After hitting the ground twice over the past two weeks, the Welshman fell off his bike one more time on Tuesday as a heat wave engulfed the race ahead of grueling days in the Alps when the Tour will reach its climax.

Once again, Thomas was lucky enough to escape with bruises and scratches, but the timing of his crash in the rural hinterland of the antique Roman city of Nimes was unfortunate. Although Thomas quickly got back on his bike and did not lose time, crashes always have a lingering effect on riders’ bodies. It’s generally after 48 hours that the soreness reaches its peak, and that’s when he will be fighting in high altitude with rivals trying to take him off his perch.

Lagging 1 minute, 35 seconds behind race leader Julian Alaphilippe with the race now going into its five last stages, Thomas was caught off guard under a scorching sun about 40 kilometers into the stage won by Australian sprinter Caleb Ewan.

The peloton was not riding at full speed, but Thomas was surprised.

TOUR DE FRANCE: TV Schedule | Full Standings

“I just had one hand on the bars, and the gears jumped and jammed and I got thrown off my bike on a corner,” he said. “I knew the race wasn’t on so I just got back into the group.
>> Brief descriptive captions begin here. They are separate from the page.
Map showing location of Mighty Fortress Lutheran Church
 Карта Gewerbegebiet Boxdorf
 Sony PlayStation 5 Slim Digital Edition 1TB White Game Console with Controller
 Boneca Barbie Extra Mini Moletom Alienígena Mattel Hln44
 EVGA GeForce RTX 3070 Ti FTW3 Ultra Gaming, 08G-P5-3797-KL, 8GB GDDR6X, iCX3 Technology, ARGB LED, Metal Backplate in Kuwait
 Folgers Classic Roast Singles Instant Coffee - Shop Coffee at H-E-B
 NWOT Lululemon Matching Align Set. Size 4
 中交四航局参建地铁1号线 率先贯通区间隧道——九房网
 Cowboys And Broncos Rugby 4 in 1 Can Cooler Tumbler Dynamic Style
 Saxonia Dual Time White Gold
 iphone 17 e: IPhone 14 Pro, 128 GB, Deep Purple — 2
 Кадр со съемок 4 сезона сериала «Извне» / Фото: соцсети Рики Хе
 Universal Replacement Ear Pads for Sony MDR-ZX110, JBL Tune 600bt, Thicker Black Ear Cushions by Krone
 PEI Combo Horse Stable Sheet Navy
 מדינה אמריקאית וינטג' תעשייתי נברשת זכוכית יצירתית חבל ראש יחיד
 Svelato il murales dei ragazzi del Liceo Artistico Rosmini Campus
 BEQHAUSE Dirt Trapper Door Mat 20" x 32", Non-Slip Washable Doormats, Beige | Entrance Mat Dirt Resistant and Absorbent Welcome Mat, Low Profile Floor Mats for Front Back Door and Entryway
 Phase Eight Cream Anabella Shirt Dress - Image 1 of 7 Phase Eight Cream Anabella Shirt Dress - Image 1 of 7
It’s just frustrating. It was such a freak thing.”

Danish rider Jakob Fuglsang, who stood ninth overall, was not as lucky and was forced to abandon the Tour with a left hand injury after falling late in the stage as the peloton pedaled past the picturesque town of Uzes.

Thomas, a former track specialist who transformed into a Tour de France contender after years spent working in support of four-time champion Chris Froome, has always been prone to crashing. Just last month, his preparation for the Tour was cut short by a spill during a race in Switzerland.

But he has also shown in the past that he can soldier on in pain. Six years ago when riding the Tour as Froome’s loyal teammate, Thomas fell off his bike on a Corsican road in the opening stage and broke his pelvis. But he kept racing for 3,000 kilometers to reach the finish.

He will need to be at the top of his form on Thursday for the start of an Alpine trilogy of stages including six climbs over 2,000 meters. This is when the race — the most exciting in the last decade — will be decided before Sunday’s ceremonial ride to Paris.

Sixteen stages out of 21 have been completed, but the suspense remains intact, with six riders separated by little more than 2 minutes. Behind Alaphilippe and Thomas, Steven Kruijswijk remained third, 1:47 off the pace and 3 seconds ahead of Thibaut Pinot. Thomas’ Ineos teammate Egan Bernal lags 2:02 behind and Emmanuel Buchmann has a 2:14 deficit.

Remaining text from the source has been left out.